Emprunts toxiques à la Métro, suite et pas fin…

Publié le 22 janvier 2016

pictogramme-toxiqueLa Métro est en train de préparer son budget 2016. Une question peu évoquée mais importante est celle des emprunts toxiques qui sont une bombe à retardement qui a commencé à être amorcée.

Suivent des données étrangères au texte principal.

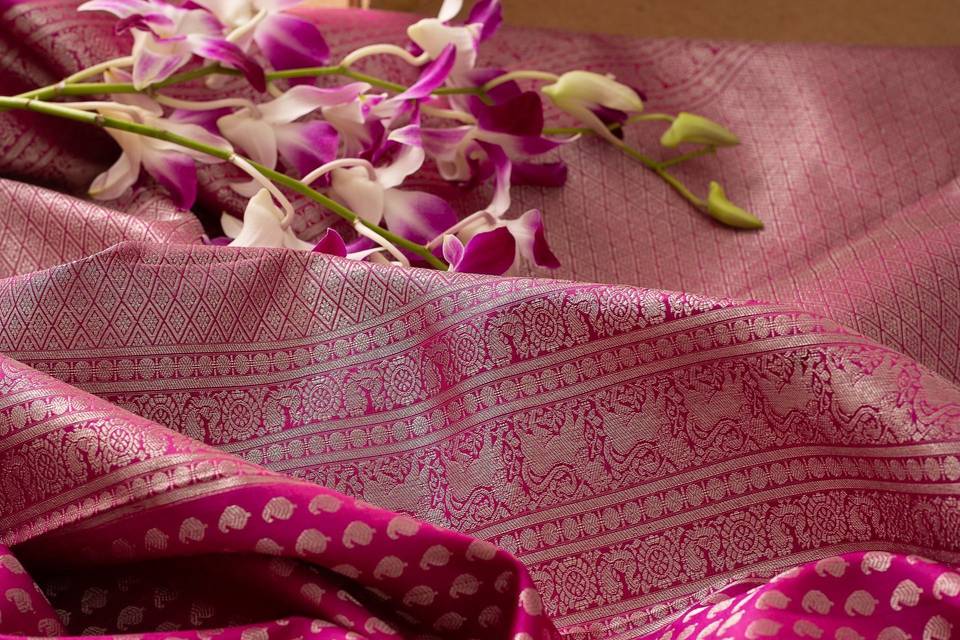 Kanchipuram Silk Sarees Manufacturers in Andhra Pradesh, Pure Kanchipuram  Silk Sarees Suppliers Andhra Pradesh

Le Collectif pour un Audit Citoyen de la Dette Publique de l’Isère (CAC 38) a tiré le signal d’alarme et suit de près cette question en relation avec les responsables de la Métro et ses services et apporte de nombreuses précisions sur la situation actuelle de ces emprunts toxiques.

Rappel, ce sont D. Migaud et G. Fioraso qui ont décidé de ces emprunts très toxiques pour financer le stade (encore un mauvais coup pour les contribuables).

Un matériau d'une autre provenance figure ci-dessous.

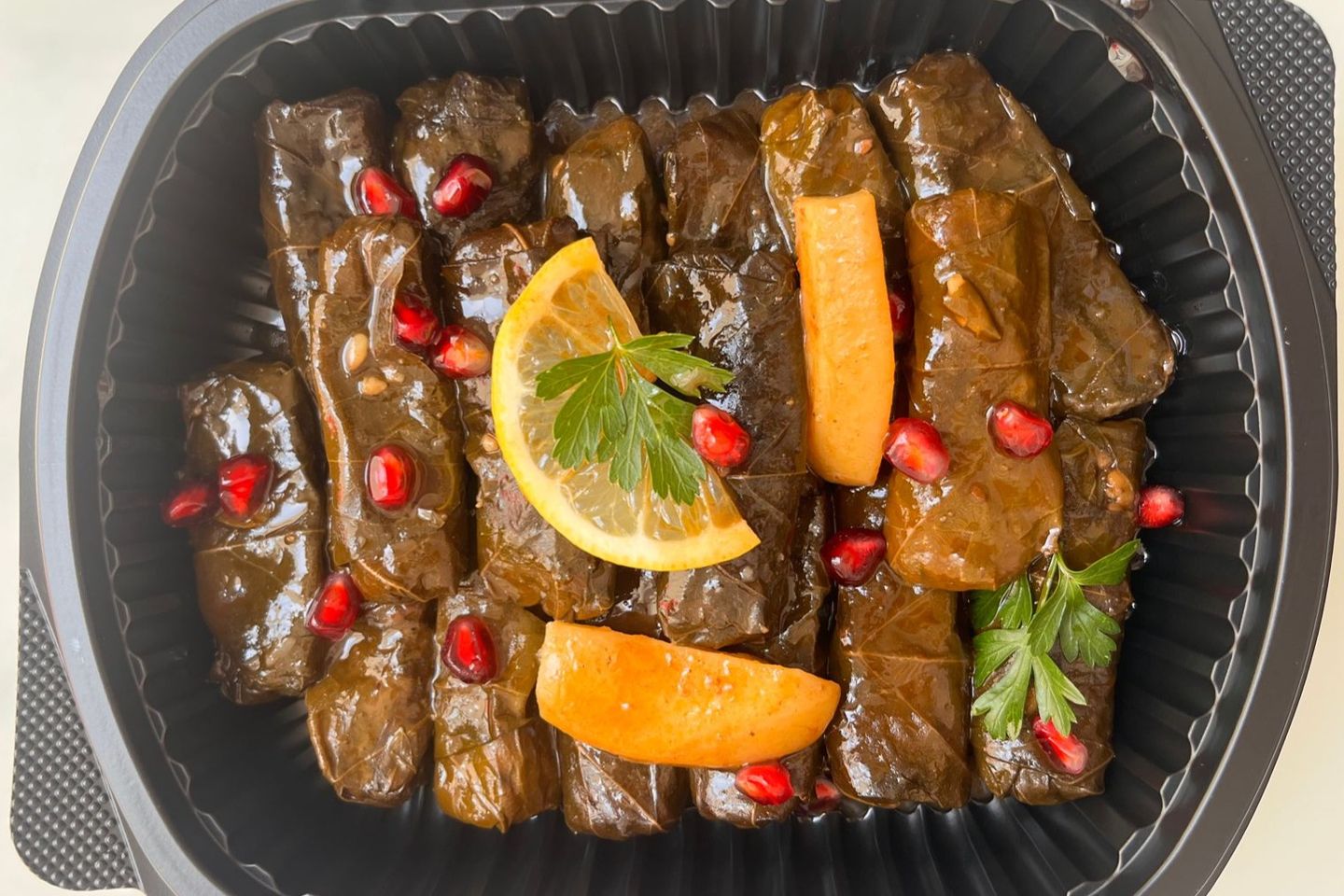 ورق عنب رويال بدبس الرمان وسط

Il y a 4 emprunts toxiques mais un seul, pour l’instant a vu ses taux d’intérêts déraper. Les trois autres sont encore en sommeil, ils représentent 43 M€ à rembourser jusqu’en 2027 et 2032, ils ont donc le temps de se réveiller ! Le coût de sortie de ces 4 emprunts est exorbitant (environ 50 M€ !).

Il reste à rembourser 18 M€ en capital de l”emprunt le plus toxique courant jusqu’en début 2023 ; son taux d’intérêts étant calculé sur l’évolution de la parité Euro/Franc Suisse, le taux d’intérêt dépasse actuellement les 19 % !!! Après l’intervention de notre élu (Gilles Kuntz lors du mandat précédent), la Métro a déposé un recours contre la banque SFIL (Société de financement local), qui a pris la suite de Dexia et est détenu pour 75 % par l’Etat, 20 % par la Caisse des Dépôts et 5% la Banque Postale.

En attendant le résultat du recours, la Métro paye des intérêts aux taux légal (environ 1%) mais est obligée de provisionner des millions d’euros chaque année au cas où le recours n’aboutirait pas. En 2016 il est prévu de provisionner 3,8 M€.

Ce recours avait beaucoup de chances d’aboutir en raison de l’absence d’indication du Taux Effectif Global (TEG) dans les contrats de prêt. Mais ce moyen est devenu inopérant depuis le vote d’une loi rétroactive de validation des emprunts des collectivités locales ne comportant pas de TEG et son acceptation par le Conseil Constitutionnel le 24/07/2014.

Il ne reste plus que deux arguments qui pourraient faire condamner la banque :

– le défaut de conseil et d’information : la banque connaissait le risque et n’en a pas informé la Métro… Ce moyen a peu de chance d’aboutir compte tenu du fait que la Métro dispose d’une direction financière et de compétences qui auraient dû l’alerter sur la dangerosité de ces contrats…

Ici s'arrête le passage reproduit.